# scofield ice?



## nacho (Jun 14, 2011)

Has anyone been up to scofield lately? What are the ice conditions like? I want to head up there this weekend but it is a long drive just to find unsafe ice conditions. Thanks.


----------



## Huge29 (Sep 17, 2007)

Yes, just barely starting to open up on a few edges as of Saturday.


----------



## Kingfisher (Jul 25, 2008)

smith morehouse still has ice to the bank as does huntinton and miller flat. i would assume that electric lake would have safe ice as well. anything lowe is gone or going fast.


----------



## Kingfisher (Jul 25, 2008)

ferron creek reservoir ice is receeding from the shore line. a bit surprising.


----------



## nacho (Jun 14, 2011)

Thanks guys! We are still going to scofield because we have a cabin there. Hopefully we can fish while we are there.


----------



## Flyfishn247 (Oct 2, 2007)

How was the ice/fishing? Any open water up there yet?


----------



## Huge29 (Sep 17, 2007)

Flyfishn247 said:


> How was the ice/fishing? Any open water up there yet?


Through PM's Nacho indicated that his trip was cancelled due to the bad weather.


----------



## Big_Riggs (Feb 8, 2012)

I am jonsen for iceoff at scofield how is south west side by island


----------



## nacho (Jun 14, 2011)

Yeah we canceled because of the weather. I am hoping to go up next weekend if the weather holds. I will post what the conditions are if we go. I am waiting for iceoff too, that is usually the best fishing of the year up there.


----------



## Huge29 (Sep 17, 2007)

Big_Riggs said:


> I am jonsen for iceoff at scofield how is south west side by island


Welcome to the forum! As of 9 days ago it was to the point of just having some water on the ice kind of thing around the very shallowest of edges, just a matter of what the weather does over the next few weeks. Good luck!


----------



## jer (Jan 16, 2012)

I've heard there is near casting room by the dam...can anyone confirm or deny??


----------



## Huge29 (Sep 17, 2007)

jer said:


> I've heard there is near casting room by the dam...can anyone confirm or deny??

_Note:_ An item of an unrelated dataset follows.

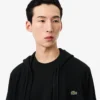Sudadera de forro polar con cremallera y corte clásico para hombre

It wouldn't surprise me, right there at the bubbler is always the first to open as that little ring stays open year round.


----------



## gunplay (Apr 28, 2008)

I was there this afternoon, 10' of open water around the edges and a bit of open water by the dam but not much. All of it looks soft and ready to go anytime.


----------



## Big_Riggs (Feb 8, 2012)

anyone who is going thursday let me know how conditions are onsouth end please


----------



## Big_Riggs (Feb 8, 2012)

went up today at noon i arived to see lots of ice on the north end. Thinking i made a trip for nothing i kept on going saw 2 areas around the **** that was wide open up next to ****, Still getting nervous i kept going and south end was OPEN WIDE I was happy I went around to the west side and there was about 30 to 40 feet of open water. I brought the toon just in case there was serface action but i never used it. made a fire and fished for 15 min before first fish. nice bow and spilling milk. had a few more hits that i missed. and a few that almost took my pole into the water. stayed till 7:30 and left total fish caught 7 all spilling milk. I kept one that i hooked deep and cooked him over the fire. He was good Eating. here are pictures!


----------



## nacho (Jun 14, 2011)

I went up yesterday. Ice conditions were the same as big riggs said on friday. I fished on the west side for about 2 hours. the first hour I tried every lure in my box, not a bite. Then I switched to rainbow powerbait and they liked that. We caught alot of 12-15 inch cuts and one 18 inch tiger. We caught all of them right on the edge of the ice. We would cast on to the ice and then drag it off the edge. I didnt take my camera so no pictures sorry.


----------